The family tumbled the shark to the boat after about 40 minutes of dragging.

“We took turns left and right turns, probably what, 20-30 cranks, and then it was the next guy’s turn,” Jacobson said.

Catching great white sharks is rare.

“I’ve been doing this full-time as a captain for 20 years,” boat captain Adam Reckert told WSVN. “This is the second one I’ve landed. The last was about 15 years ago.”

Despite the rarity of great white sharks being reeled in by fishermen, the same thing happened just days ago, March 6, in Orange Beach, Alabama, when two fishing guides reeled in an 11-foot great white shark.

Great whites are listed as “Vulnerable” on the International Union for Conservation of Nature (IUCN) Red List. Populations are believed to have declined by 30 to 49 percent over the past hundred years. The biggest threats include plastic pollution, chemical pollution and overfishing, both intentional and by-catch in gear designed to catch other species.

“Big fish – including sharks – are more popular with anglers, especially those looking for trophies.
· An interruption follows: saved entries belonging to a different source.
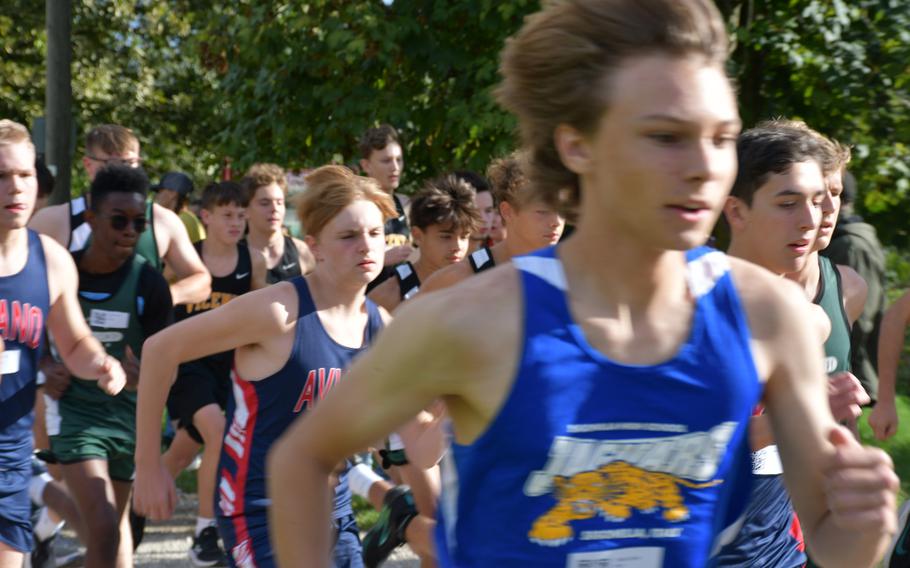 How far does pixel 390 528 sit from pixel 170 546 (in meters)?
2.79

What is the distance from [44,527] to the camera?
6555 millimetres

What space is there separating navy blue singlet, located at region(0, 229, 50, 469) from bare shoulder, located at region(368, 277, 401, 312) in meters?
1.98

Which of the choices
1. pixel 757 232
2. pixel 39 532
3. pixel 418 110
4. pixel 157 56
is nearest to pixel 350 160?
pixel 418 110

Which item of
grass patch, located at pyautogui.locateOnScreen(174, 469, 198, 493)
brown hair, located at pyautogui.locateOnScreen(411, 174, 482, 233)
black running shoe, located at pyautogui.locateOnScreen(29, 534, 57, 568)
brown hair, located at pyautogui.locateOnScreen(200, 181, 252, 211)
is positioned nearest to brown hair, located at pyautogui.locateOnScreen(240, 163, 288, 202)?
brown hair, located at pyautogui.locateOnScreen(200, 181, 252, 211)

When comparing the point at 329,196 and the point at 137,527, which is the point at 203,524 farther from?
the point at 329,196

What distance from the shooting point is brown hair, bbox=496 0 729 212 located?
2.10 m

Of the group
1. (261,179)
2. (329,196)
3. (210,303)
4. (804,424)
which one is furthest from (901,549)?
(261,179)

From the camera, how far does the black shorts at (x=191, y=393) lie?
24.7 ft

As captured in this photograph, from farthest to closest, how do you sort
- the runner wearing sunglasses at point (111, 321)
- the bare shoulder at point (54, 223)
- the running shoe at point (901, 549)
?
the bare shoulder at point (54, 223) → the runner wearing sunglasses at point (111, 321) → the running shoe at point (901, 549)

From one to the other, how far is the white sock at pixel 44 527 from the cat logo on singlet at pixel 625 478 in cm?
489

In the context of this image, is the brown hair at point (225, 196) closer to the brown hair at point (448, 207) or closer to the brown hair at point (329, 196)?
the brown hair at point (448, 207)

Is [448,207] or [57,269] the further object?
[448,207]

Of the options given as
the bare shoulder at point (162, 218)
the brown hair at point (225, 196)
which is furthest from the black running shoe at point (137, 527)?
the brown hair at point (225, 196)

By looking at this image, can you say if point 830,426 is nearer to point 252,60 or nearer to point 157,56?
point 252,60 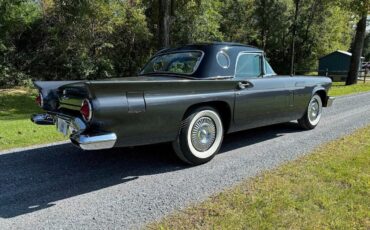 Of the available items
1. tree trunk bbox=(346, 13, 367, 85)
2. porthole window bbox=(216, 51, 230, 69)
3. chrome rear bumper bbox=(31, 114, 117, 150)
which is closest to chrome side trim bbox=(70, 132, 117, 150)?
chrome rear bumper bbox=(31, 114, 117, 150)

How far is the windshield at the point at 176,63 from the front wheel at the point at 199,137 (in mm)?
691

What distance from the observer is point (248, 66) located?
6.07m

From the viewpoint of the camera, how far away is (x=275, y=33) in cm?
3262

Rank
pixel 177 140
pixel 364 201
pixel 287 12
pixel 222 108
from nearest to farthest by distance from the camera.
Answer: pixel 364 201 < pixel 177 140 < pixel 222 108 < pixel 287 12

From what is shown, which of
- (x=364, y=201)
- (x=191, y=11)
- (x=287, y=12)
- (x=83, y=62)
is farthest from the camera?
(x=287, y=12)

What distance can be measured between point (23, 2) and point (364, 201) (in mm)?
13820

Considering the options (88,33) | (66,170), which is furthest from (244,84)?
(88,33)

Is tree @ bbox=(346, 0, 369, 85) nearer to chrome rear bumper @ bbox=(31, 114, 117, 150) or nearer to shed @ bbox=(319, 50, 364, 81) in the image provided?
shed @ bbox=(319, 50, 364, 81)

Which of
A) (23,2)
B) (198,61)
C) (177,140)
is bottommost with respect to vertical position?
Answer: (177,140)

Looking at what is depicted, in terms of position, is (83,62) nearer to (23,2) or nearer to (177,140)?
(23,2)

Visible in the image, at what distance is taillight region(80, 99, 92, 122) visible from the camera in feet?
13.4

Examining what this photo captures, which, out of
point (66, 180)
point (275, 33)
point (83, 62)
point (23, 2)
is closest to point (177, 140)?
point (66, 180)

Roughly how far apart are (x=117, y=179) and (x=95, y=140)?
0.79 m

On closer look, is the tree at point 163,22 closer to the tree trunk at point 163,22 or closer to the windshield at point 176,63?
the tree trunk at point 163,22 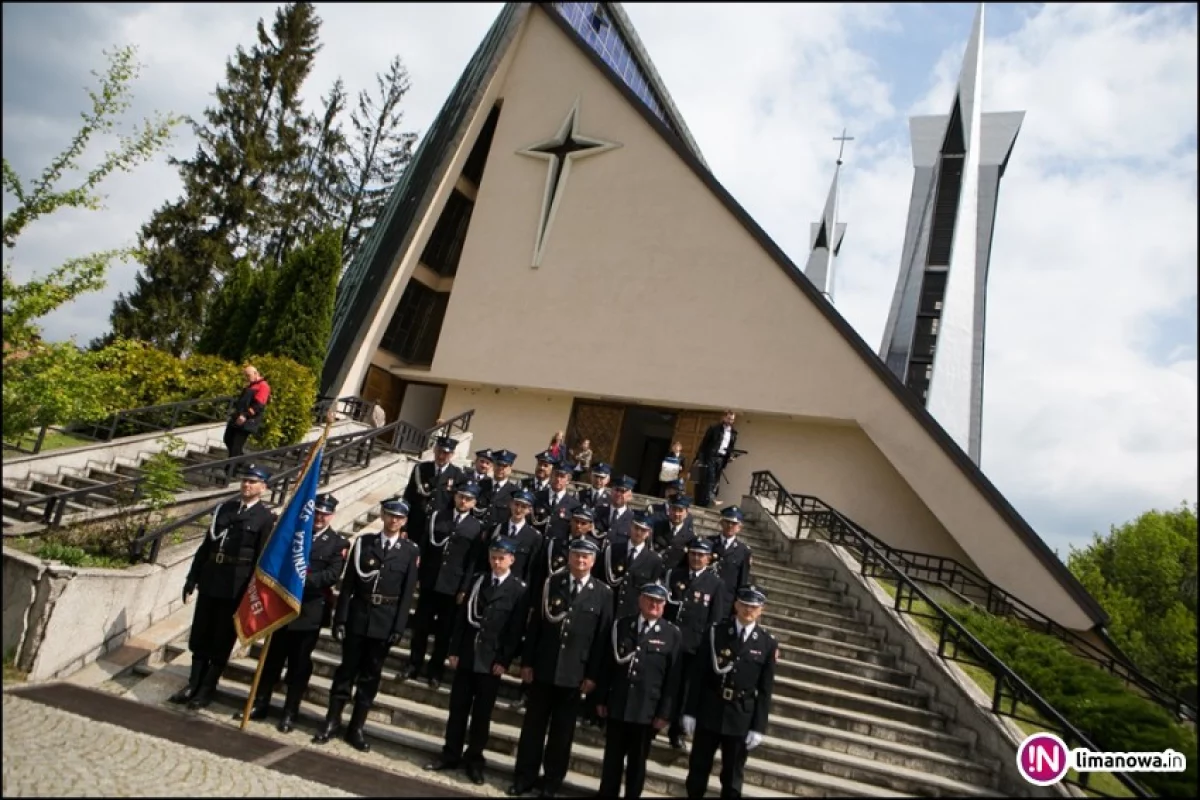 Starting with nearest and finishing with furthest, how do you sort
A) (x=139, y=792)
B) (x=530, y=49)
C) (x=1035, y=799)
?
(x=139, y=792) → (x=1035, y=799) → (x=530, y=49)

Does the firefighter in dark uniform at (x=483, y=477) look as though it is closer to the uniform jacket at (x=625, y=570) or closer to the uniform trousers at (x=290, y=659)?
the uniform jacket at (x=625, y=570)

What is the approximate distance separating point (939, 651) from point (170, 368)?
1197 cm

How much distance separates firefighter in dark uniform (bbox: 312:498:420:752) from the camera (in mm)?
5777

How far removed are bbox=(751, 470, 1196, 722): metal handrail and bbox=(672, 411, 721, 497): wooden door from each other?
7.22 ft

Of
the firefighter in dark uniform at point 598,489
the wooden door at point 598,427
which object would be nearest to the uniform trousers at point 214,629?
the firefighter in dark uniform at point 598,489

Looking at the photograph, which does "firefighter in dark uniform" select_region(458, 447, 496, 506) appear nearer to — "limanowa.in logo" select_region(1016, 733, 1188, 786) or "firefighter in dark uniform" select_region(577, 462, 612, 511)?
"firefighter in dark uniform" select_region(577, 462, 612, 511)

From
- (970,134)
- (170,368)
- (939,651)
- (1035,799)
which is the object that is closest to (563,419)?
(170,368)

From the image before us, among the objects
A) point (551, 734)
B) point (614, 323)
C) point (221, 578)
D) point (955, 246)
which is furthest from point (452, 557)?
point (955, 246)

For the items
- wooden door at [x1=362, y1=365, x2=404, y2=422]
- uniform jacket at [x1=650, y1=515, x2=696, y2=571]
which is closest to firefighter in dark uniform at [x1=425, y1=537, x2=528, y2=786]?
uniform jacket at [x1=650, y1=515, x2=696, y2=571]

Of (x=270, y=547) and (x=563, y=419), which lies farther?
(x=563, y=419)

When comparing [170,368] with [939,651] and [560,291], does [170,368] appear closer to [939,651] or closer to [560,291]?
[560,291]

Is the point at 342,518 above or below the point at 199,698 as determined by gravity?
above

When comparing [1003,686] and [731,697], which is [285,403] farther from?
[1003,686]

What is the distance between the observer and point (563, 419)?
1919cm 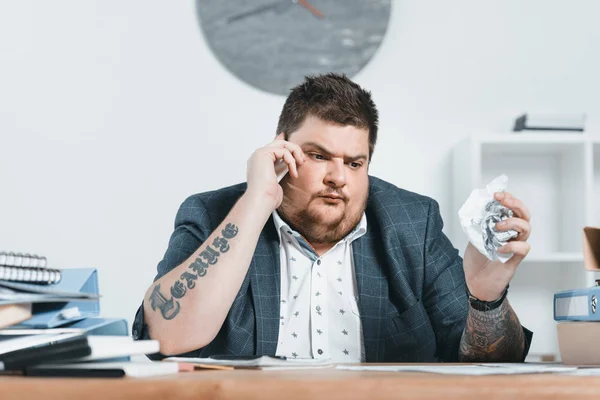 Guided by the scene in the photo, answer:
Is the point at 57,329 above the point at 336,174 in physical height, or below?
below

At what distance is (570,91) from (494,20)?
0.38 m

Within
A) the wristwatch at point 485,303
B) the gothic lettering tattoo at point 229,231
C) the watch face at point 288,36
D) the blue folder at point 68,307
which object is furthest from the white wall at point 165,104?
the blue folder at point 68,307

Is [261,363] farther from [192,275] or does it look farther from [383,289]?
[383,289]

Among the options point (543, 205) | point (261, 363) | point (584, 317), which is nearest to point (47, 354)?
point (261, 363)

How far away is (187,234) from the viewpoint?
173cm

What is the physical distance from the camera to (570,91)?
8.70 feet

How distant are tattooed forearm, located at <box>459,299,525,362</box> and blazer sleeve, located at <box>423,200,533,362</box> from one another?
185mm

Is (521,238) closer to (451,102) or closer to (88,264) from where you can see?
(451,102)

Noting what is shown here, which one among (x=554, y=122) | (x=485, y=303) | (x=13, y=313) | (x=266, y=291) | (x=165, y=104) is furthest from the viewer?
(x=165, y=104)

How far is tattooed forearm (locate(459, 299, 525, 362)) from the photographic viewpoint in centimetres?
144

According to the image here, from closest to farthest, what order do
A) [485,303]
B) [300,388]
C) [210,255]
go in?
[300,388] < [485,303] < [210,255]

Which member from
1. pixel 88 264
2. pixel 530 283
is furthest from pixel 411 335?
Result: pixel 88 264

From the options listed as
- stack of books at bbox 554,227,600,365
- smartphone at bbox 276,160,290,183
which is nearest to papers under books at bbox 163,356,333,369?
stack of books at bbox 554,227,600,365

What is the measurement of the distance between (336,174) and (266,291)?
1.06ft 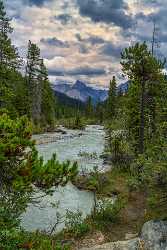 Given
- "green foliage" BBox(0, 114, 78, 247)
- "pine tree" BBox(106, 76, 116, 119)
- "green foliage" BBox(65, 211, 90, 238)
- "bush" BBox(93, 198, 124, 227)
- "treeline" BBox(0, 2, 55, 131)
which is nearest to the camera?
"green foliage" BBox(0, 114, 78, 247)

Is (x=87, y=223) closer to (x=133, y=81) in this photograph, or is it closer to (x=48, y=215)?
(x=48, y=215)

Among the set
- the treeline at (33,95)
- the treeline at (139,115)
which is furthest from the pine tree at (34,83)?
the treeline at (139,115)

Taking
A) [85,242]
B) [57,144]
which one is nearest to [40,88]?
[57,144]

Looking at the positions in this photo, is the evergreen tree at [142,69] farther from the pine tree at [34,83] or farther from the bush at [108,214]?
the pine tree at [34,83]

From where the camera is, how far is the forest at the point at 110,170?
13227mm

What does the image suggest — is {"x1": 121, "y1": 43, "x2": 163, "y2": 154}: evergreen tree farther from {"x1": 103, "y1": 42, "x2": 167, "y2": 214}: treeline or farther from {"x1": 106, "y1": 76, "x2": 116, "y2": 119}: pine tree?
{"x1": 106, "y1": 76, "x2": 116, "y2": 119}: pine tree

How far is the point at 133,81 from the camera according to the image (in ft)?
107

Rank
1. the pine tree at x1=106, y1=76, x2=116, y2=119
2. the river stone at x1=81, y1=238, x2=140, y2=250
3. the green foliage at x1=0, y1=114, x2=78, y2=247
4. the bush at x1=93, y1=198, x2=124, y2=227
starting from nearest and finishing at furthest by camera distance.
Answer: the green foliage at x1=0, y1=114, x2=78, y2=247 < the river stone at x1=81, y1=238, x2=140, y2=250 < the bush at x1=93, y1=198, x2=124, y2=227 < the pine tree at x1=106, y1=76, x2=116, y2=119

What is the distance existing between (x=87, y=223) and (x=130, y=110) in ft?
49.9

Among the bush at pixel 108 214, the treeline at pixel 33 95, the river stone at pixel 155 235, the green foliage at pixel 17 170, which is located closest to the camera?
the green foliage at pixel 17 170

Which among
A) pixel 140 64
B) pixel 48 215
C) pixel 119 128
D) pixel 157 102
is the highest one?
pixel 140 64

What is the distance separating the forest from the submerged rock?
82cm

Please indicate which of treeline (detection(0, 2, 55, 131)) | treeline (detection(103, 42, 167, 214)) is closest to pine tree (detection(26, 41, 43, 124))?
treeline (detection(0, 2, 55, 131))

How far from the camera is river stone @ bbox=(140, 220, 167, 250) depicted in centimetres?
1576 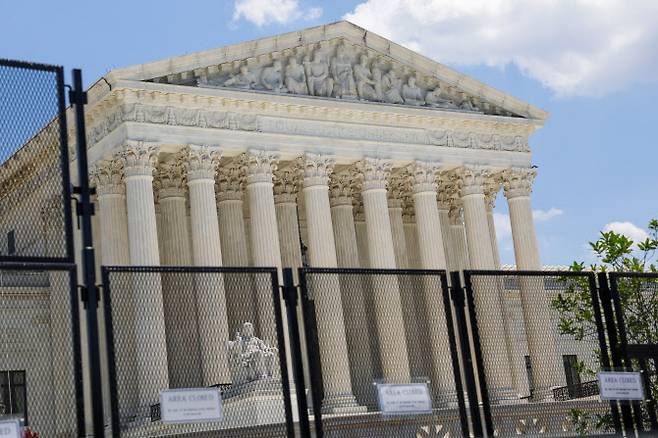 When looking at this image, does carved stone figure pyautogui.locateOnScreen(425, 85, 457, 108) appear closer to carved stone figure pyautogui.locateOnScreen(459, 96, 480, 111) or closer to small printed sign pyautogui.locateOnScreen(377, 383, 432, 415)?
carved stone figure pyautogui.locateOnScreen(459, 96, 480, 111)

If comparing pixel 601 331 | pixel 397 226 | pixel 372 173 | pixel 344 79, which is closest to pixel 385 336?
pixel 601 331

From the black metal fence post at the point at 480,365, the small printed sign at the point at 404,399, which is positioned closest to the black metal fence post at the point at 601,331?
the black metal fence post at the point at 480,365

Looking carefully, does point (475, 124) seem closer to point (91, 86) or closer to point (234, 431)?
point (91, 86)

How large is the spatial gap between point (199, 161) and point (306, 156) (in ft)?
16.7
As a result, many of the great white sharks have been fished out,” Joshua Moyer, a white shark teeth authority with affiliates with Yale University and the Atlantic Shark Institute, previously said news week. “While the great white shark population in North America is slowly recovering due to conservation efforts aimed at protecting them and their prey, this is a slow-growing shark.”

After the family took their photos of the behemoth, the hapless Fort Lauderdale shark was tagged, released and returned to the ocean.